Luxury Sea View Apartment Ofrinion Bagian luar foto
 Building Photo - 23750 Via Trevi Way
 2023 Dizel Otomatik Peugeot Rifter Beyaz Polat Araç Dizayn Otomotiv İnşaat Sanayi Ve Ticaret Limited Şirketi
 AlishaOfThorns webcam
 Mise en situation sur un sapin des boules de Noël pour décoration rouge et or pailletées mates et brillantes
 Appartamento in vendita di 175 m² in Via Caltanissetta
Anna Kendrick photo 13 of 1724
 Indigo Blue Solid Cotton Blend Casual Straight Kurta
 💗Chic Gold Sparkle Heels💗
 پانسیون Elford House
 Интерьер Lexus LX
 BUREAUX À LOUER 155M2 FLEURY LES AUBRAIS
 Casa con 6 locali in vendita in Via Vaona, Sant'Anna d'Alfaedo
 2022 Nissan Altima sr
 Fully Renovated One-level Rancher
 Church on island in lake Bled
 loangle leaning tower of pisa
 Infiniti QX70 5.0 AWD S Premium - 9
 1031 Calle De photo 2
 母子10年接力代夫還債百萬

Action item: Would you please write out the entire listing exactly?

Result of this exercise:
Luxury Sea View Apartment Ofrinion Bagian luar foto
 Building Photo - 23750 Via Trevi Way
 2023 Dizel Otomatik Peugeot Rifter Beyaz Polat Araç Dizayn Otomotiv İnşaat Sanayi Ve Ticaret Limited Şirketi
 AlishaOfThorns webcam
 Mise en situation sur un sapin des boules de Noël pour décoration rouge et or pailletées mates et brillantes
 Appartamento in vendita di 175 m² in Via Caltanissetta
Anna Kendrick photo 13 of 1724
 Indigo Blue Solid Cotton Blend Casual Straight Kurta
 💗Chic Gold Sparkle Heels💗
 پانسیون Elford House
 Интерьер Lexus LX
 BUREAUX À LOUER 155M2 FLEURY LES AUBRAIS
 Casa con 6 locali in vendita in Via Vaona, Sant'Anna d'Alfaedo
 2022 Nissan Altima sr
 Fully Renovated One-level Rancher
 Church on island in lake Bled
 loangle leaning tower of pisa
 Infiniti QX70 5.0 AWD S Premium - 9
 1031 Calle De photo 2
 母子10年接力代夫還債百萬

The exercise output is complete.